Economists anticipate that annual headline PPI inflation will decelerate to 1.6% from 1.7% in August. In contrast, the annual core PPI, which excludes volatile food and energy prices, is expected to see a sharp increase to 2.7% from 2.4%. Monthly projections suggest that both headline and core PPI will grow at a slower pace of 0.1% and 0.2%, respectively.
The US Dollar remains buoyant as Atlanta Federal Reserve (Fed) Bank President Raphael Bostic has suggested the possibility of keeping interest rates unchanged at 4.75%-5.00% during the November meeting. Bostic's comments, made during an interview with the Wall Street Journal, indicated his openness to pausing rate cuts next month. He stated, “This choppiness to me is along the lines of maybe we should take a pause in November, and I'm definitely open to that,” following the release of the US Consumer Price Index (CPI) report, which showed inflation pressures rising faster than expected in September.
Daily Market Movers: EUR/USD Gains Slightly as Euro Strengthens
- EUR/USD continues its slight ascent towards 1.0950 during Friday’s European session, buoyed by the Euro’s strong performance against its major peers despite firm expectations for the European Central Bank (ECB) to implement further interest rate cuts in the remaining two policy meetings this year.
- The ECB has already cut its Deposit Facility Rate by 50 basis points (bps) to 3.5% this year and is expected to lower rates by another 50 bps, with traders anticipating two cuts of 25 bps each—one next week and the other in December.

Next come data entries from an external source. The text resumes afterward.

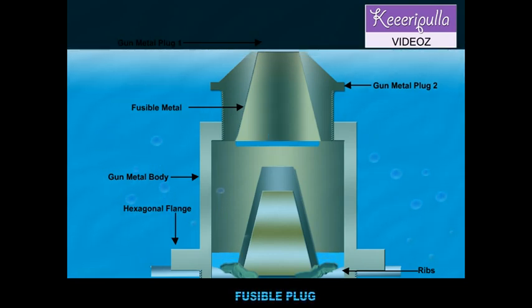The copper plug drops down and is held within the gunmetal body by the ribs on it. The opening so made allows the steam to rush in and douse the furnace and extinguish the fire, thus avoiding damage to the firebox which may result due to high temperatures.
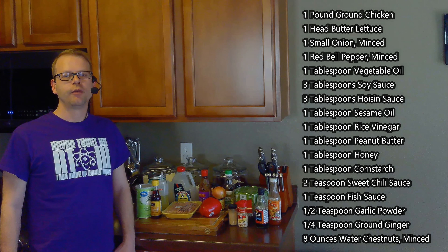We'll also need three tablespoons of soy sauce, three tablespoons of hoisin sauce, a tablespoon of sesame oil, a tablespoon of rice vinegar, a tablespoon of peanut butter, a tablespoon of honey, a tablespoon of cornstarch, two teaspoons of sweet chili sauce, a teaspoon of fish sauce, a half teaspoon of garlic powder, a quarter teaspoon of ground ginger, and eight ounces of water chestnuts.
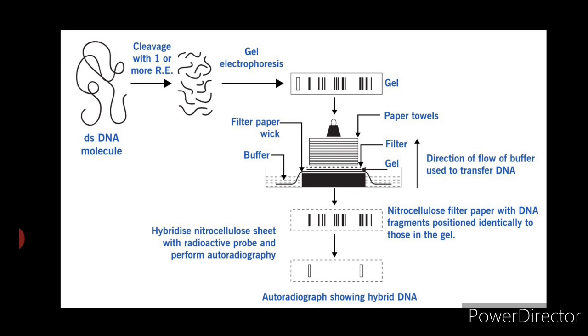Fourth step: exposure to probe and hybridization. The nitrocellulose filter is bathed in a solution containing a specific radioactive probe, P32, for hybridization. The filter is placed in a tight-fitting plastic bag containing a minimum solution volume of the radioactive DNA probe. This is kept at 60°C for 16 to 24 hours. The relatively higher ionic strength of the solution promotes hybridization.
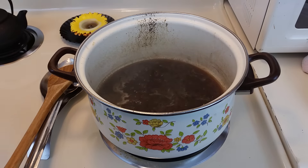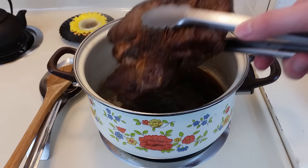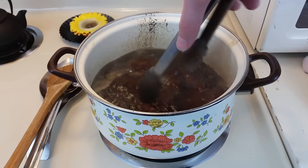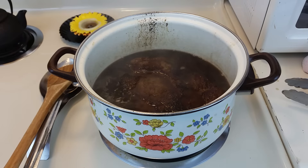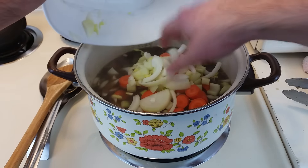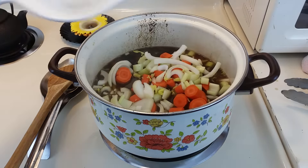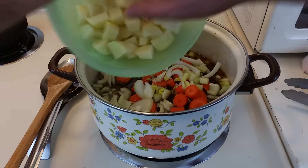Once your braising liquid has been reduced, preheat your oven to 325°F. Put your roast in first, then add the veggies on top. Don't take it off the stove just yet — it's important to get your braising liquid back up to a boil, because the oven won't get hot enough and you've just added room-temperature ingredients that cooled it down. The braising liquid should just about cover everything; if it doesn't, add a little more chicken stock. Then slide the whole thing into the oven.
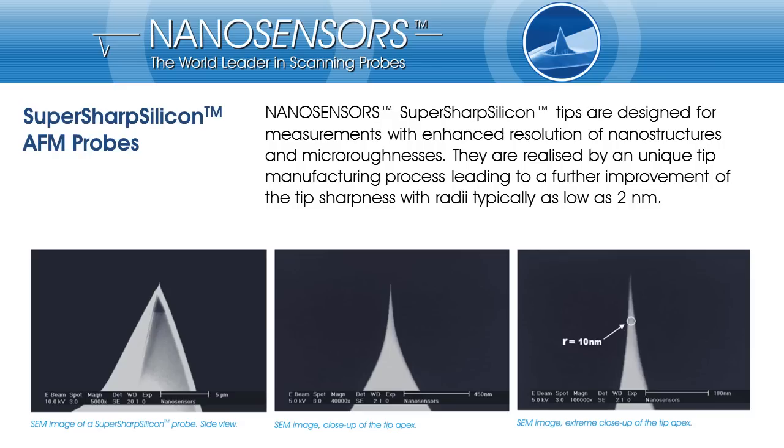On this slide you can see three scanning electron micrographs showing the whole tip on the left-hand side, the last micron tower, the tip apex in the middle, and the last 250 to 300nm of the apex. The inserted circle in the right-hand side image has a radius of 10nm. We can see here that the tip apex tapers down far below this 10nm.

- Dovish expectations for the ECB have been fueled by a quicker-than-anticipated decline in Eurozone inflation and increasing concerns about economic growth. This week, ECB policymaker and Governor of the Greek Central Bank, Yannis Stournaras, stated that price pressures are diminishing more rapidly than the ECB projected in September and supported two additional rate cuts in the remaining meetings this year, highlighting the necessity for further reductions in 2025.
- In addition, revised estimates for the German Harmonized Index of Consumer Prices (HICP) for September indicated that price pressures remain below the ECB's target of 2%, coming in at 1.8%, as shown in flash estimates.
- On the economic front, the growth outlook for the Eurozone appears fragile, particularly as Germany, its largest economy, is expected to close the year with a 0.2% decline in output, according to the German economic ministry.
Technical Analysis: EUR/USD Finds Support Near 200-Day EMA
EUR/USD has located temporary support near the 200-day Exponential Moving Average (EMA) at around 1.0900. The near-term outlook for the pair remains uncertain, with the 20- and 50-day EMAs approaching a bearish crossover near 1.1020.
The currency pair has weakened after breaking down from a Double Top chart pattern on the daily timeframe, triggered by a drop below the September 11 low of 1.1000.
The 14-day Relative Strength Index (RSI) is currently within the bearish range of 20.00-40.00, indicating potential further weakness.
If EUR/USD decisively breaks below the 200-day EMA around 1.0900, it may find support near the significant round number of 1.0800. Conversely, resistance is expected at the September 11 low of 1.1000 and the 20-day EMA at 1.1090.